In a preferred embodiment, an elongate piercing member is affixed to the closure member and upstanding therefrom, the arrangement being such that depression of the closure member adjacent the piercing member moves the member to pierce the breakable membrane.
Preferably, the piercing member is arranged substantially centrally of the closure member.
The piercing member may be affixed to the closure member. In a preferred embodiment, the elongate member is integrally formed with the closure member.
In a preferred embodiment, the piercing member is mounted on the closure member by way of a button formed in the closure member. This button may be a separate structure provided in the closure member. Preferably, however, the button is moulded integrally with the closure member.
In a preferred embodiment, the button is defined by an annular groove and has a domed shape. Normally, the dome is convex, but pressure thereon causes a overcentre movement reversing the curvature of the dome. This pushes the piercing member carried thereby towards the breakable membrane to pierce the breakable membrane.
Preferably, the closure member is arranged to clip onto the base of the container such that it acts to close its external cavity. Alternatively, the closure member may be mechanically connected to the container by other means, for example, by a screw connection.
For example, the closure member may be provided with a peripheral rim which is appropriately shaped to clip onto the base of the container.

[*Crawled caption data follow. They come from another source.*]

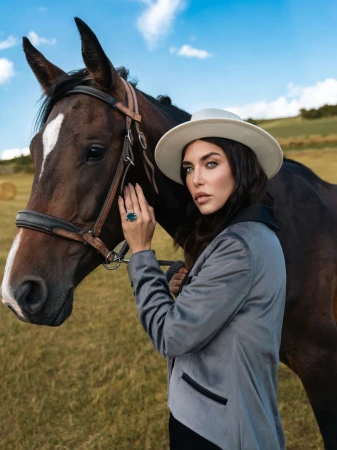 Woman in a grey blazer and hat poses with a dark brown horse in a grassy field under a blue, partly cloudy sky on a sunny day.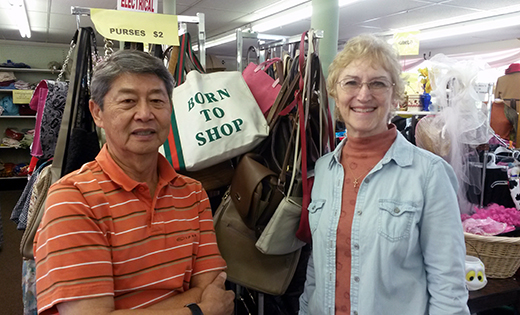 Store manager Dennis Chang stands with Cathy Rainey, president of the Saint Simon Conference of the Society of Saint Vincent de Paul, in the Saint Vincent de Paul Thrift Store in Berlin.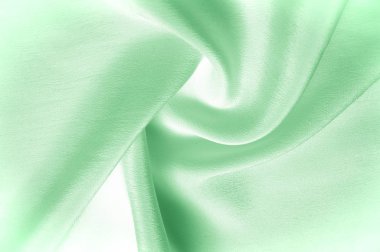 Doku arka plan deseni. Yeşil ipek kumaş. Closeup oluklu yeşil ipek kumaş. Reklam alanı. Pürüzsüz zarif yeşil ipek düğün arka plan olarak kullanılabilir.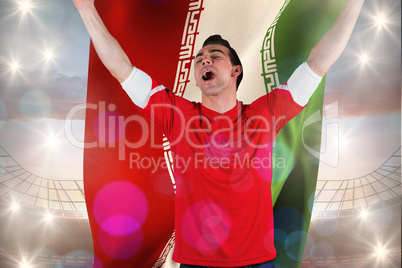 Composite image of excited football fan cheering holding iran fl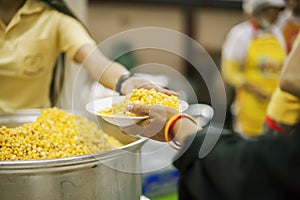 The hands of beggars receive donated food as a share in society : the concept of hunger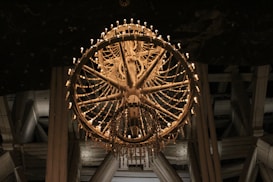 A large, ornate chandelier with multiple layers of intricate designs and numerous small lights that emit a warm glow. The lighting fixture is set against a darker background, possibly the ceiling of a grand hall or cathedral, emphasizing its elaborate craftsmanship.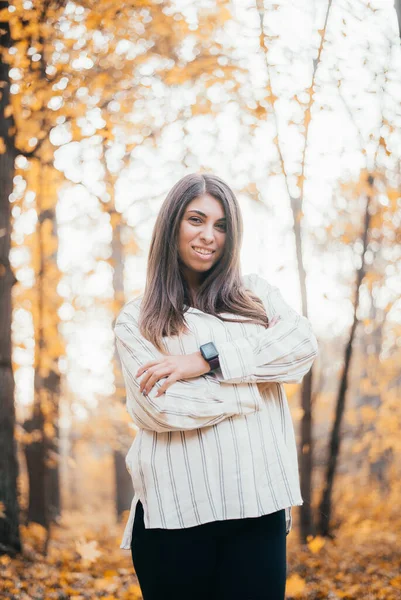秋の森の中のカメラで微笑む魅力的な若い女性 — ストック写真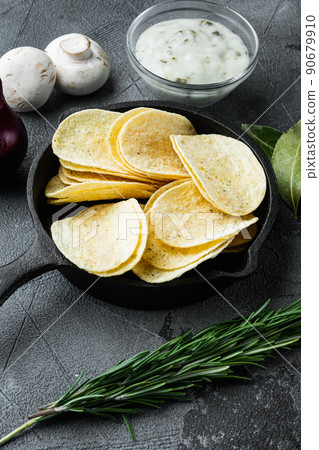 Home made potato chips, on gray stone background 90679910
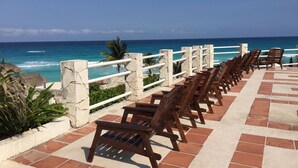 A row of wooden chairs facing a beach with a clear view of the ocean. - Affordable Cancun Oceanfront Condo at the "Zona Hotelera" Hotel Zone (Cancun)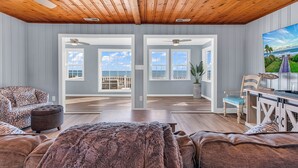A spacious living room with a wooden ceiling, large windows, a view of the ocean, a sofa, a chair, and a TV. - Your Personal Oceanfront Resort w/ Heated Pool SP (North Myrtle Beach)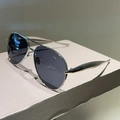 Detail of silver aviator sunglasses with polarized lenses on a textured display stand - Silver Frame Black Grey Lens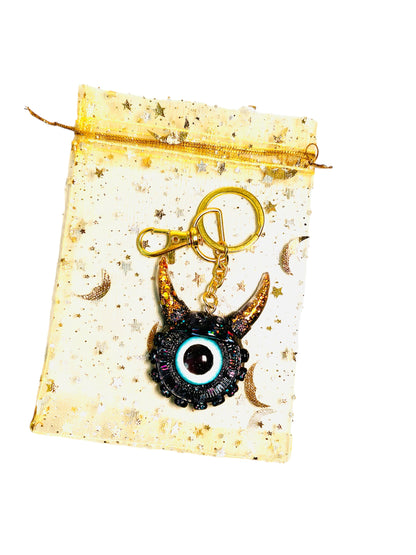 Black and gold one eyed monster keychain. Model Vicky.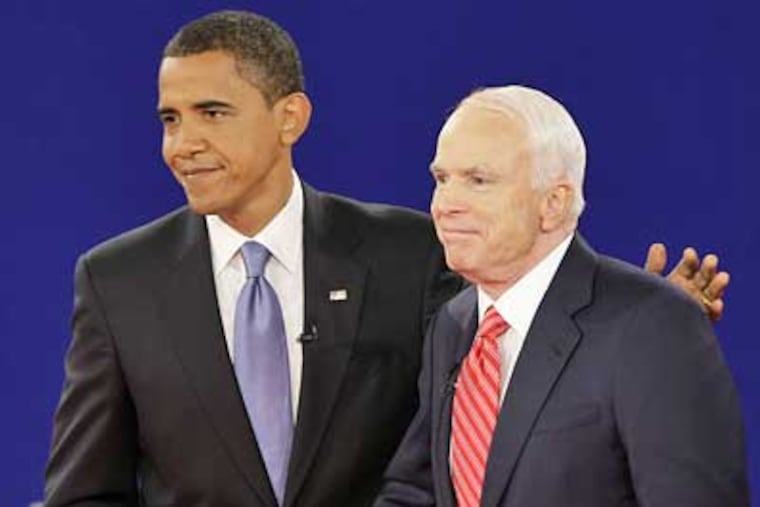 Sen. Barack Obama, left, and Sen. John McCain stand together at the finish of their townhall-style presidential debate at Belmont University on Tuesday. (J. Scott Applewhite/AP Photo)
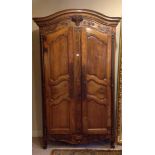 AN 18TH CENTURY FRENCH FRUITWOOD ARMOIRE  The hump top cornice above a floral basket and ogee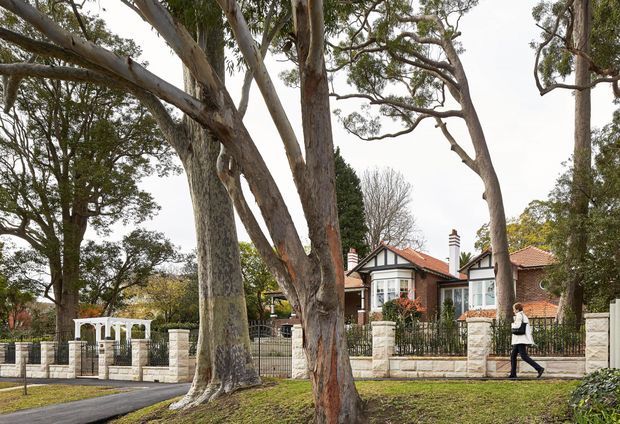 Street-facing view of a traditional suburban home partially screened by mature eucalyptus trees. The house features red terracotta tiled roofs, white rendered walls, black timber-style gable detailing, bay windows, chimneys, and a low pale stone boundary wall with black metal fencing and a gated entrance.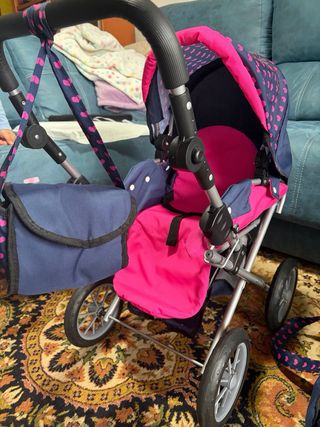 Carro de muñecas con unicornio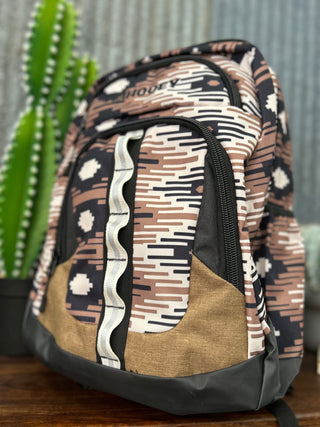 Patterned backpack on a wooden surface with a cactus in the background
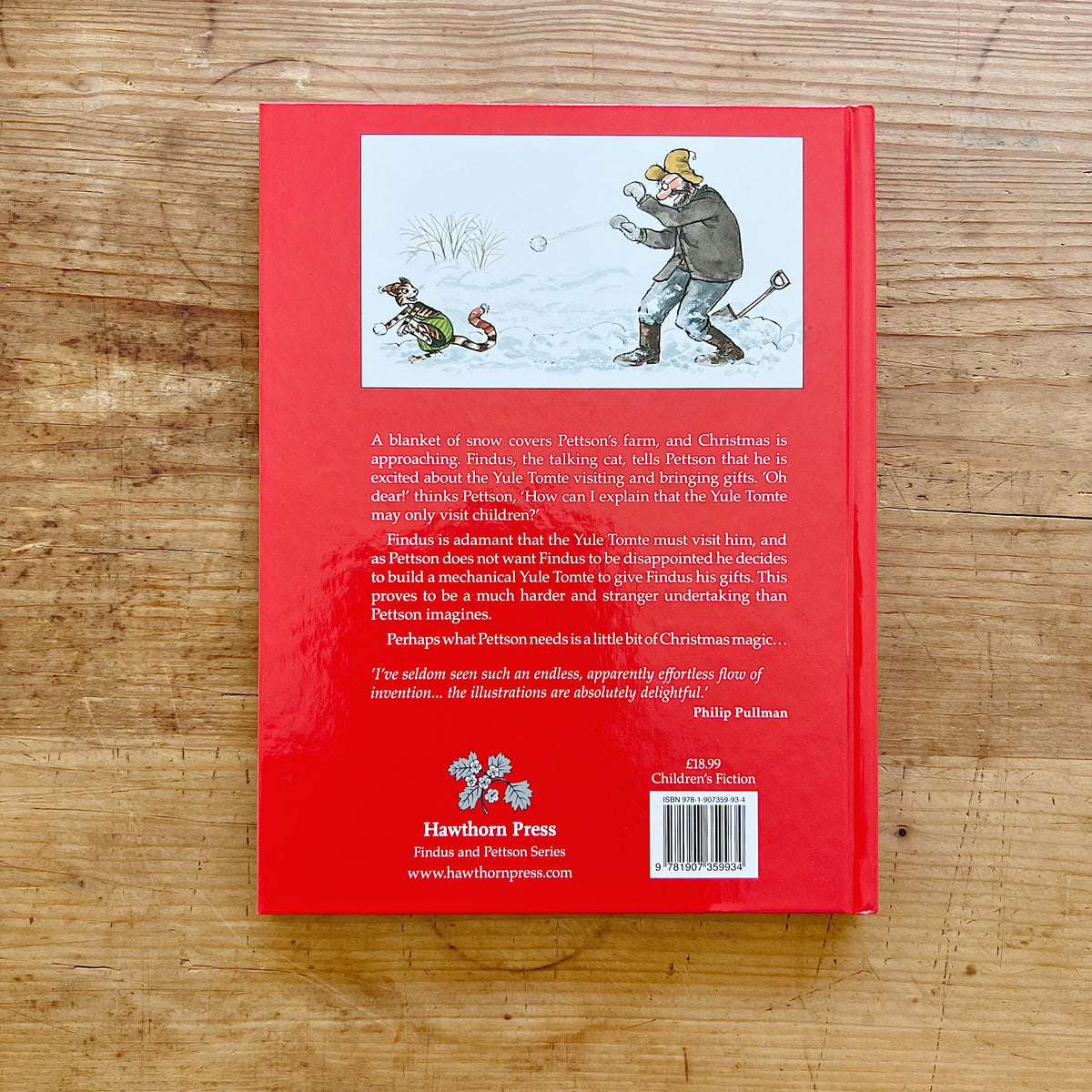 Red back cover of Findus and the Christmas Tomte, showing Pettson and Findus playing in the snow above the story summary.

Although the closure member may be of any required peripheral shape, in a preferred embodiment the closure member is circular, and, in this case, its peripheral rim is annular. An annular groove may be defined in the closure member, radially inwardly of the peripheral rim, and arranged to receive a base edge of the container.
Preferably, the closure member and its peripheral rim are shaped such that any increase in pressure within the second chamber of the external cavity tends to urge the rim into better engagement with the base edge of the container.
A container of the present invention was developed specifically for use as a self-cooling or self-heating container for beverages. Of course, it will be appreciated that the container may be used for any contents.
The reactant materials are chosen to give the reaction required and may be in any particular form. However, the structure of the cooling or heating means is particularly appropriate where the first reactant material sealed within the first chamber is in a powder, granular, or other particulate form, whilst the second reactant material in the second chamber is a fluid.
When it is required to cool or heat the container, it is inverted to provide access to the base of the closure member which is then pressed to cause the piercing member to pierce the breakable membrane. This releases the fluid in the second chamber such that it flows into the first chamber to begin the chemical reaction. The use of a second reactant material in fluid form assists in the mixing process.
For a self-heating container, for example, quicklime may be filled within the first chamber and water retained within the second chamber. Lime is extremely hydroscopic and it has been found that sealing the lime by the breakable membrane within the first chamber improves the shelf life of the container greatly as the lime is thereby sealed from contamination.
The breakable membrane may be of any material capable of sealing the first reactant material in the first chamber, and supporting the weight of that material when the container is in its normal upright position. For example, the breakable membrane may be formed by a disc of a metal foil secured to the external cavity to extend across it.
In a presently preferred embodiment, the external cavity is shaped to define an annular flange therein. A disc shaped breakable membrane may then be affixed to the annular flange after a charge of the first reactant material has been filled into the first chamber. For example, the disc shaped breakable membrane may be affixed to the annular flange by way of a carrier member. Alternatively, the periphery of the disc shaped breakable membrane may be affixed directly to the annular flange.